Sunday, December 28, 2008

Christmas...Where Shepherds and Wisemen meet.

I enjoy Christmas. The older I get the more I enjoy watching others, especially the youngsters, enjoy it. For me, Christmas pleasure comes from being with my family and friends. Oh, and...I really love to eat the sweets too! Togetherness is the essence of Christmas.

The story of Christmas, it occurred to me, has much to do with bringing people together. No where is that more evident than the two groups who attended the nativity...wisemen and shepherds. Just their differences of culture could have been a major distraction. Think of it!

Historians say the wisemen traveled as much as two years to find the babe. They were obviously studied men. They knew the signs in the heavens...astronomers we call them today. Wisemen were called such because they were indeed wise. Without a doubt they knew the prophecies of the Old Bible. Dare I say any who will become a student of the Word can be classified as wise.
These were also men of means. It must have taken much money and provision to sustain them on their journey. Their gifts bore witness to their financial standing. To have gold, frankensince and myrr for gifts is more impressive than a tennis bracelet and a rolex watch!

Juxtaposed against the contrast of wealth is the humble shepherd. Shepherds were outdoorsmen, men who drifted from pasture to pasture, slept in tents and cooked over a campfire. Their skin was weathered, their whiskers were no doubt long and wooly. They smelled of smoke and had rough hands and breath. Their call to find baby Jesus was an instantaneous thing, much different than the pre-arranged trip of wisemen.

This brings me to a couple of points for your consideration. It doesn't matter how you get to Christ, just so you get there. Some have come from afar. They heard the Word, felt the pull, studied, took time, planned, calculated and finally arrived. Others had a sudden flash from the heavens and suddenly they were on their planning, no nothing except desire to find the King.

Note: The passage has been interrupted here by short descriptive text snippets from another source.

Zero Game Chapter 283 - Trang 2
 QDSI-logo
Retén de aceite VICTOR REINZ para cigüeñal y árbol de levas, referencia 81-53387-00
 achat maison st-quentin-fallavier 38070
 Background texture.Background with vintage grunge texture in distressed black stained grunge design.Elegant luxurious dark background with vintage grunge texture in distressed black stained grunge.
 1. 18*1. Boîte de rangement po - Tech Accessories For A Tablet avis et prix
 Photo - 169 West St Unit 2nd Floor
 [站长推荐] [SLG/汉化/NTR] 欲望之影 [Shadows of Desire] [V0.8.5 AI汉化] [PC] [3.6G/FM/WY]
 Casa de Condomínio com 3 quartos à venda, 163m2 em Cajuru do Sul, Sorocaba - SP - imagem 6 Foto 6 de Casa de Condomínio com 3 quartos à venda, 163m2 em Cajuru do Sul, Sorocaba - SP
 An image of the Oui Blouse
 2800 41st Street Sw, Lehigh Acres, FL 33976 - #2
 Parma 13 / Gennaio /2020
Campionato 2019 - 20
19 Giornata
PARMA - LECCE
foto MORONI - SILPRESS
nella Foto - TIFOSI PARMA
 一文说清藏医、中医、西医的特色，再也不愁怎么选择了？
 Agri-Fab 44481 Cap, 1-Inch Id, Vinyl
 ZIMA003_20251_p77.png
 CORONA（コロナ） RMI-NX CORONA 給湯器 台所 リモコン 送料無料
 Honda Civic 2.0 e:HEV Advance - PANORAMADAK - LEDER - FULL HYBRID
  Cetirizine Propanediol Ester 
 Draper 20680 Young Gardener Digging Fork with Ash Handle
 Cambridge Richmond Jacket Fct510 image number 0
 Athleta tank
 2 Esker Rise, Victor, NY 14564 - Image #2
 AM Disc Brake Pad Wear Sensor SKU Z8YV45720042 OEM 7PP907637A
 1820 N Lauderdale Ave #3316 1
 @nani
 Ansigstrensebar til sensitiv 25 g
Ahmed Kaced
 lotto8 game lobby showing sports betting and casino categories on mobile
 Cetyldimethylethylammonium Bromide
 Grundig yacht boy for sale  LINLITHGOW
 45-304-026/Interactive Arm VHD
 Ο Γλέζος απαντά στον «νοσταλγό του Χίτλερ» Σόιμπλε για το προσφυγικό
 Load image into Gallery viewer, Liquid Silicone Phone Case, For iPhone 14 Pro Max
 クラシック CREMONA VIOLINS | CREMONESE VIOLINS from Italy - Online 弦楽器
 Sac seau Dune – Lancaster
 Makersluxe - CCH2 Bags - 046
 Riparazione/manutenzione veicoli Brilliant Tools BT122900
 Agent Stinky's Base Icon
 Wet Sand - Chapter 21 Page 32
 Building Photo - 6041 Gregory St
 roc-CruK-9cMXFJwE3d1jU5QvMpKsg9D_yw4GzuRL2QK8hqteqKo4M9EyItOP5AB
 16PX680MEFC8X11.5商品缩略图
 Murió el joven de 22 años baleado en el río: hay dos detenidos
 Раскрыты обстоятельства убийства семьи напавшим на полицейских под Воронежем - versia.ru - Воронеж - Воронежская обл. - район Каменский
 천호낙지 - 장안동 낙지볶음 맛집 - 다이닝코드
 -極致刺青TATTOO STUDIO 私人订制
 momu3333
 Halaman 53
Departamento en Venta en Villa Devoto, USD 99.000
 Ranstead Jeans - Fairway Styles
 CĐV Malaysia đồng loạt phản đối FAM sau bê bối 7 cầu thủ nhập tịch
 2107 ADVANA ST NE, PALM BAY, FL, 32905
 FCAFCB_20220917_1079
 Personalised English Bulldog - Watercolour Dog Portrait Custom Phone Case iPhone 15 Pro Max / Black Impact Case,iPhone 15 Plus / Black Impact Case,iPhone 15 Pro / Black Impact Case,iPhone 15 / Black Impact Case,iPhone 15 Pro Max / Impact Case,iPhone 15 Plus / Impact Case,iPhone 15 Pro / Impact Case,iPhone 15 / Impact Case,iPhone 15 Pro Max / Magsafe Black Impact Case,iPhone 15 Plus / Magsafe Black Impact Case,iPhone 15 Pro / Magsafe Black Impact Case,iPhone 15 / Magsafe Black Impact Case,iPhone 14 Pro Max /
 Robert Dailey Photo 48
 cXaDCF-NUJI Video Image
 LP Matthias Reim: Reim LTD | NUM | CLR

Once these two sharply different cast of characters made it to Bethlehem and to the manger out behind the Inn with a "No Vacancy" sign, there was something else important. Both groups refused to be distracted by the differences of those who knelt beside them. Let me ask you a question here. Wouldn't it be great if we could get our churches to do the same? I mean, once your church becomes known by a particular classification, you suddenly eliminate others from your midst. If you are an 'uppity' church, the country folk will likely look elsewhere for worship. Or, if you are the 'Cowboy Church' the business men in your area will not have the truck and boots to fit your mold. It is my belief that the church should be the one place where business man and cowboy, high society and poor, beautiful and not so beautiful, wise and unwise, cultured and uncultured can assemble together and kneel for worship. This can be done if our focus is on the babe in the manger and not on those who may dress differently than we do.

That is what Christmas is all about! Merry Christmas.

Wednesday, December 10, 2008

Hunting...More Than Shooting Animals

As a young boy I developed a love for hunting. My childhood friend and I were stalking birds with BB Guns when we were but 8 years old. Into my teen years I looked for opportunities to hunt. Often I found myself riding in vehicles full of grown men who were willing to take me, either because they recognized my love of the sport, or because I simply drove them crazy wanting to go along. Either way, I savored the moments then as I do now.

I think that is one of the best parts of hunting. The memories remain long after the shots are fired and the warm camp fires die away. Hunting entails so much more than the taking of game. While this is the ultimate goal, the other parts are equally gratifying. As the spouse of any hunter can tell you, hunting requires a lot of equipment. The various seasons and their accompanying opportunities means the avid hunter must be outfitted with gun, bow, muzzle-loader,, and whatever else they sell. Clothing, binocs, camping gear, etc are the tools that go along with the menagerie of hunting.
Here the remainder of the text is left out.